● Action item
When the line with "Filterbuy 20x20x2 MERV" turns up below, begin repeating exactly, and carry on through the line with "Wi-Fi対応　SONY Cyber-shot DSC-WX300"; no pictures go into the copy.

● Records provided

---------------

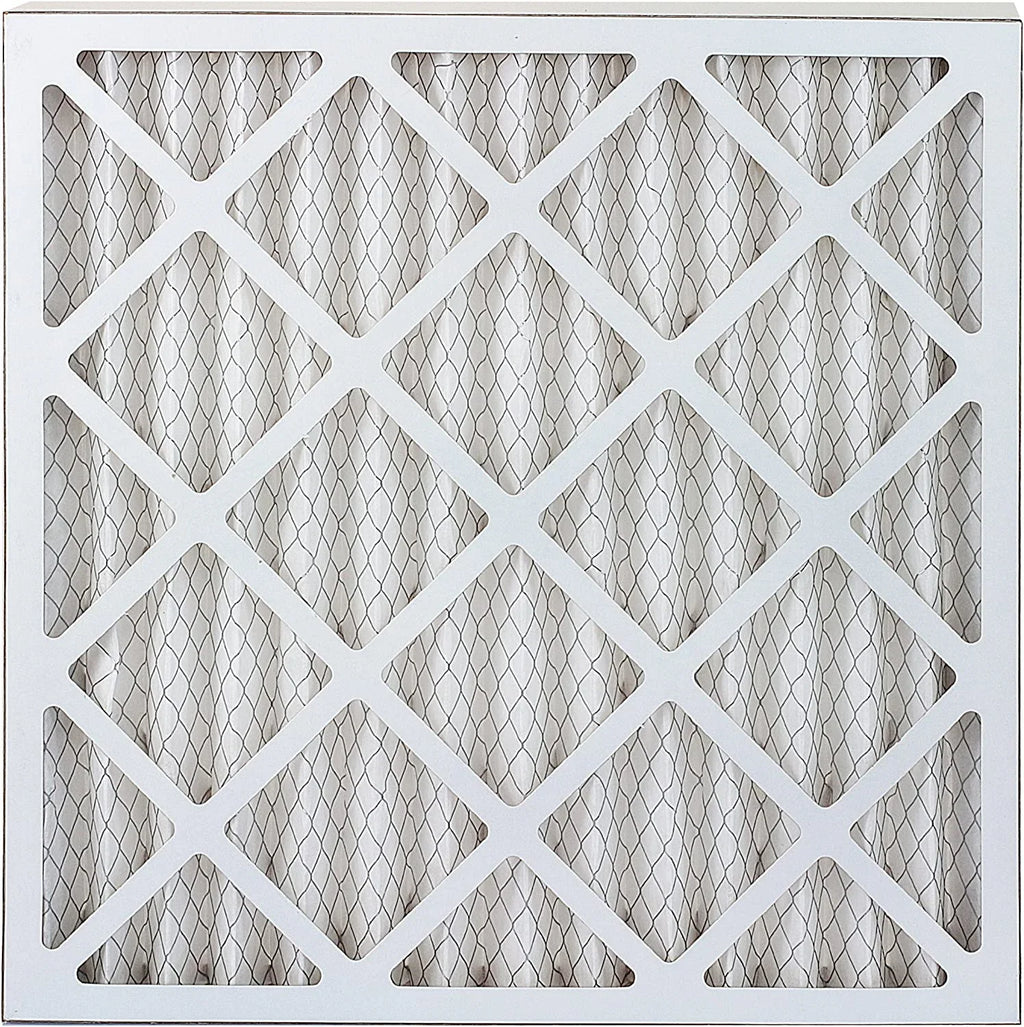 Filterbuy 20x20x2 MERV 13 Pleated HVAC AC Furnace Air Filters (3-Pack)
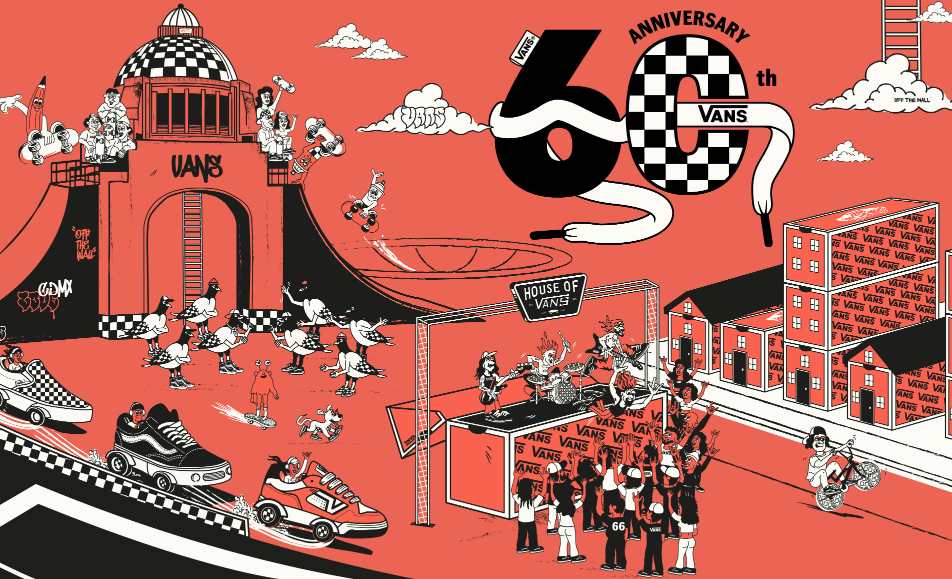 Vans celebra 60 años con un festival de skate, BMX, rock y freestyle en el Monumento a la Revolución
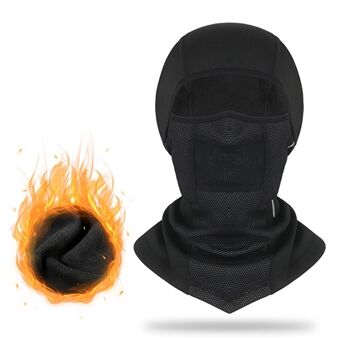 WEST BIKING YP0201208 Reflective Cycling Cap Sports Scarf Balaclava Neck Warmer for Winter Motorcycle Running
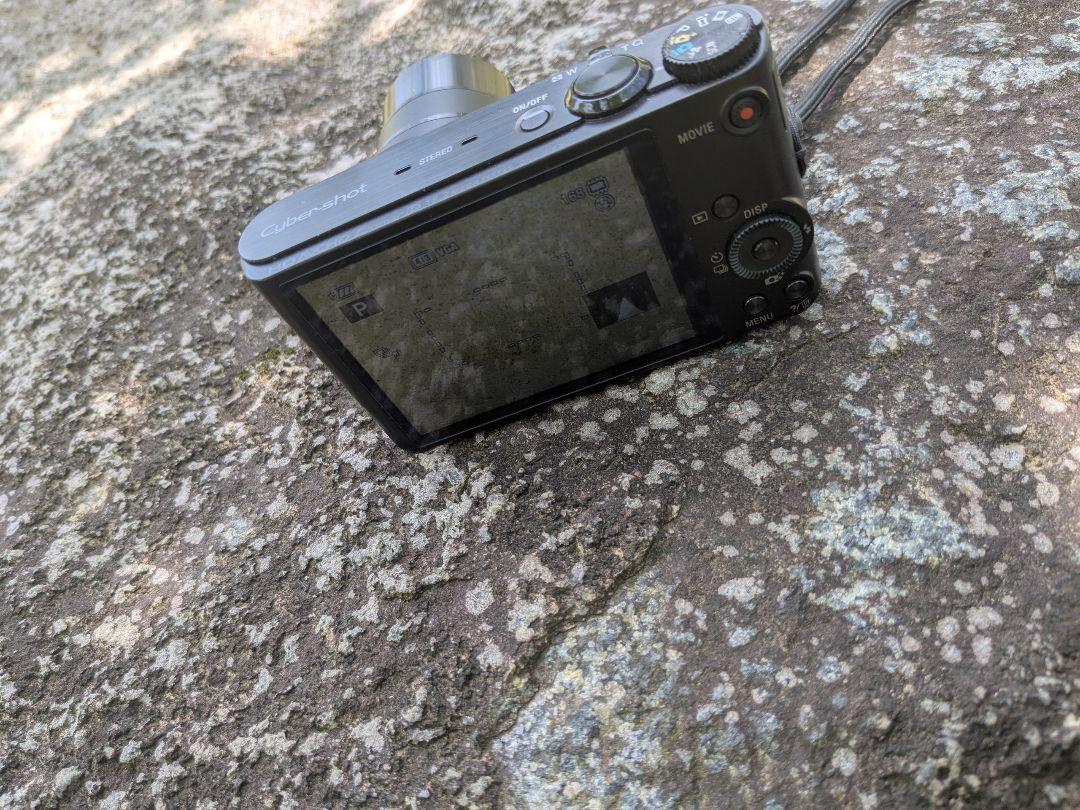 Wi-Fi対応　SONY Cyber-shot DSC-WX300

---------------

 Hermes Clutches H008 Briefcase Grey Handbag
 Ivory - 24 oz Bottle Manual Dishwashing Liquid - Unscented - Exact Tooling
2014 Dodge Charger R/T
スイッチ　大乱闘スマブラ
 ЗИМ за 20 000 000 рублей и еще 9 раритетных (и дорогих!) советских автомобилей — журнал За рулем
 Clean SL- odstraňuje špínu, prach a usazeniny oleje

---------------

● Task result
 Filterbuy 20x20x2 MERV 13 Pleated HVAC AC Furnace Air Filters (3-Pack)
 Vans celebra 60 años con un festival de skate, BMX, rock y freestyle en el Monumento a la Revolución
 WEST BIKING YP0201208 Reflective Cycling Cap Sports Scarf Balaclava Neck Warmer for Winter Motorcycle Running
 Wi-Fi対応　SONY Cyber-shot DSC-WX300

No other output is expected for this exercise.